Our Lord, just shortly before going to the cross, prayed for unity of all believers (John 17:20-21). Here in our text unity appears as a major concern of the gifted apostle Paul. In light of this, a good question is: “Why is there so much disunity in the religious world among those who claim to believe in Jesus Christ?” It is not always easy to maintain unity; Paul said it is something that we must “Endeavour (give diligence) to keep.” It takes work to maintain it. It also appears that “unity” is not something produced by Christians, but by the Spirit of God—and we are admonished to “keep it.”

Men cannot create unity nor methods of unity. A divine unity has been created and granted to the church. It is this unity that we are to guard and maintain. All barriers to unity are of men, not of God. We must shun and oppose all human teachings, inventions, and denominations—because they are causes of division, stumbling, and discord. “To divide the spiritual body of Christ is as cruel a crime against God and man as it is to pierce the fleshy body of Jesus with a spear” (David Lipscomb). The “unity of the Spirit” is the unity which the Holy Spirit provided when the church was established.
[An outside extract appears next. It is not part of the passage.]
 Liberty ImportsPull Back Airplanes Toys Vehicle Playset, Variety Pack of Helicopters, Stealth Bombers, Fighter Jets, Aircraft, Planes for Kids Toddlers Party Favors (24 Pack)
This unity is a Spirit-led unity and when the church has this unity, it will be “of one heart and soul” (Acts 4:32).

Paul speaks of “the bond of peace.” A bond is something that fastens, binds, or holds things together. Therefore peace is the bond that holds the unity of the Spirit together. Nothing good comes out of disunity. It is not possible for unity to exist where there is enmity and discord. Nothing good comes from fighting among ourselves. We must attempt to maintain peace at all times. The psalmist wrote, “How good and pleasant it is for brethren to dwell together in unity” (Psalm 133:1).
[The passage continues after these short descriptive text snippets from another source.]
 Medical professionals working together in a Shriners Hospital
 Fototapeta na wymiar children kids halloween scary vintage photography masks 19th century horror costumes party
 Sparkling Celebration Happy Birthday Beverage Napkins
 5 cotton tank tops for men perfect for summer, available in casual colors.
The Spirit’s plan for unity among members of the body of Christ is given in the following text: “There is one body, and one Spirit, even as ye are called in one hope of your calling; One Lord one faith, one baptism; One God and Father of all, who is above all, and through all, and in you all” (Eph. 4:4-6). The Spirit's plan for unity is made up of seven items. The words “there is” are not in the original text. Note how verses 3 & 4 would read if we omit them. This plainly shows that the “unity of the Spirit” consists of maintaining these seven items. All of the divisions of the religious world—Christian, professed Christian, and non-Christian—are the result of a violation of one or more of these seven items. Let's look at each of these seven items that make up the “unity of the Spirit.”
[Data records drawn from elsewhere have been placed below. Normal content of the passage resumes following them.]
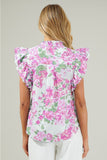 Floral Ruffle Sleeve Frilly Button-Up Blouse- 2 Colors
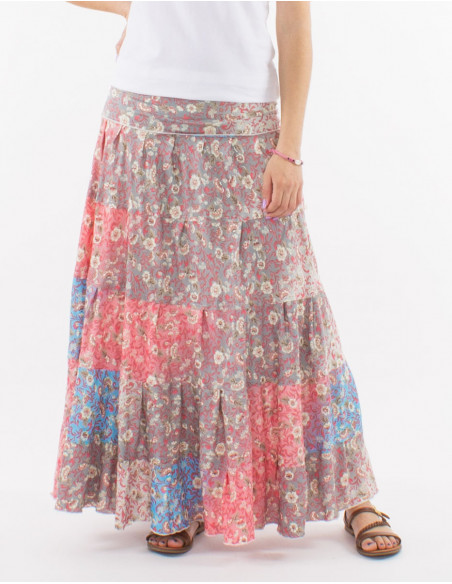 Falda larga poliester estampado plateado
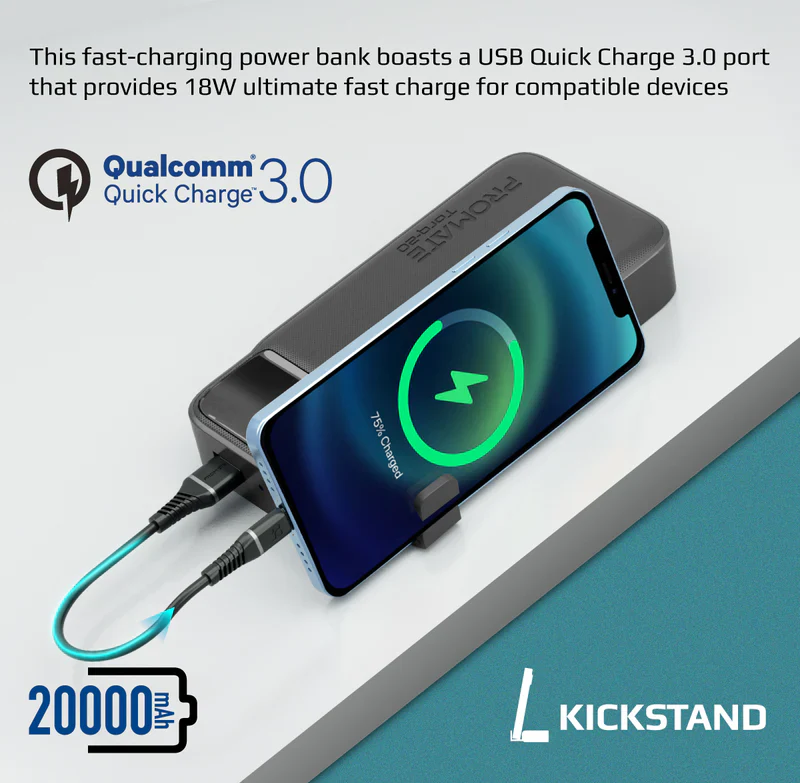 Promate 20000mAh Ultra Slim Power Bank (TORQ-20) - 20W Power Delivery, Quick Charge 3.0 Ports - Image 4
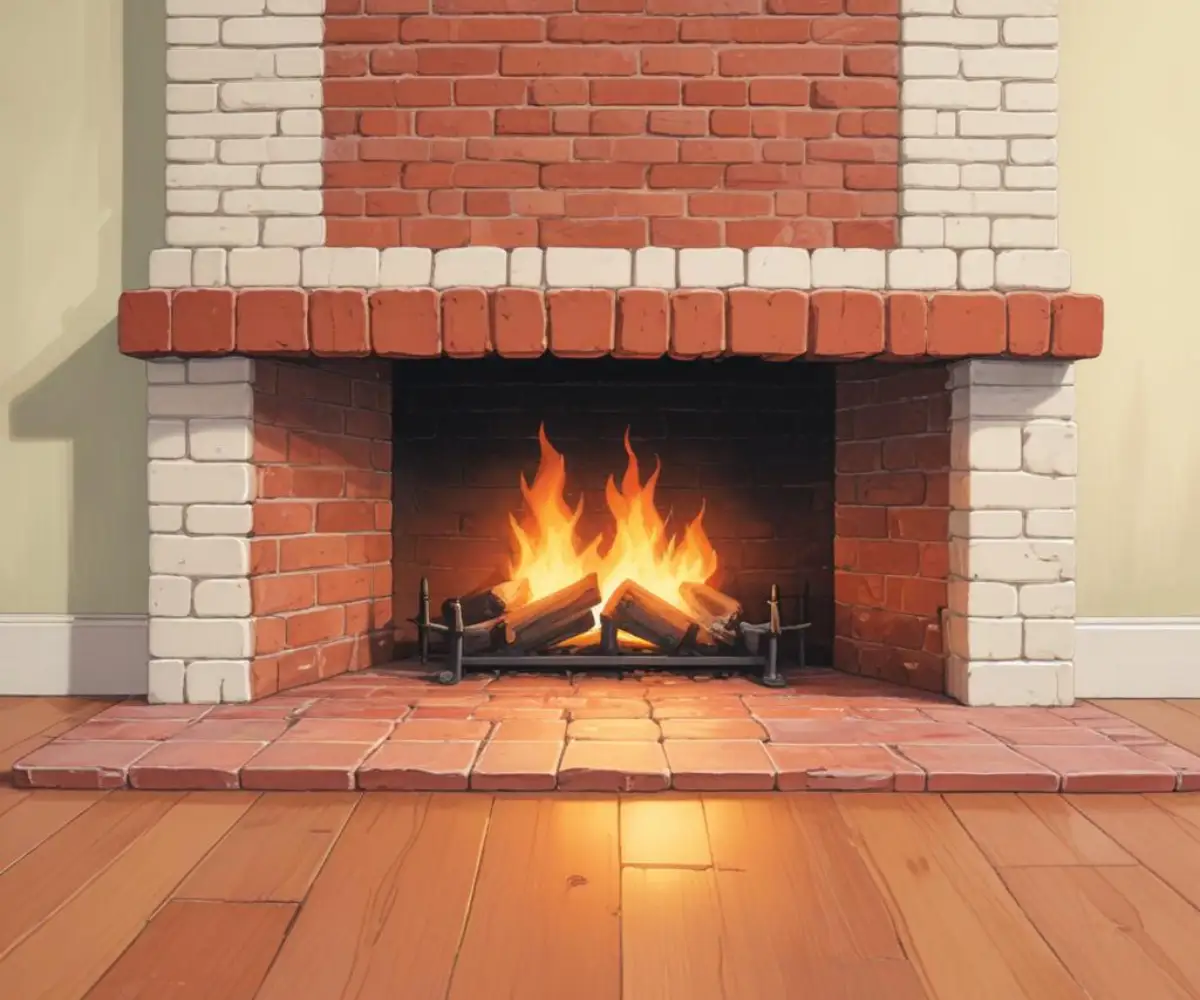 Close-up of a gap between a brick fireplace hearth and light-colored hardwood flooring.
#1: One Body. This one body is the church of Christ (Eph. 1:22-23; Col. 1:18, 23). Jesus called it “My church” (Matt. 16:18). He purchased it with His own blood (Acts 20:28). He “gave Himself for it” (Eph. 5:25). Christ has only one church; He only bought one church. Today all believers can be “one body” if we will accept and follow only that which is taught (authorized) in His word. (See Colossians 3:17.) It is when we bring in creeds, disciplines, and other opinions of men that unity is broken. The “one body” has one head (Eph. 1:22-23). The “one body” has one foundation (I Cor. 3:11). The “one body” has one mission (Matt. 28:18-20; Mark 16:15-16). Jesus is the “Saviour of the one body” (Eph. 5:23). All (both Jews & Gentiles) are baptized into this “one body” (I Cor. 12:13). We are added to the “one body” when we obey His commandments (terms of entrance) (Acts 2:47). Considering all of these Scriptural facts about the church, why are we hesitant to proclaim that one MUST be a member of the church of Christ in order to be saved? Have our convictions wavered? Are we afraid to proclaim clearly the distinctiveness of the “one body?” The church of Christ is distinct and this distinction must be proclaimed to a lost world! The “unity of the Spirit” can never be reached in denominational, divisive, sectarian groups. The Scriptures even condemn divisions within the “one body” (I Cor. 1:10-13). No denominational, sectarian churches belong to Christ. He never died for them; He never purchased them.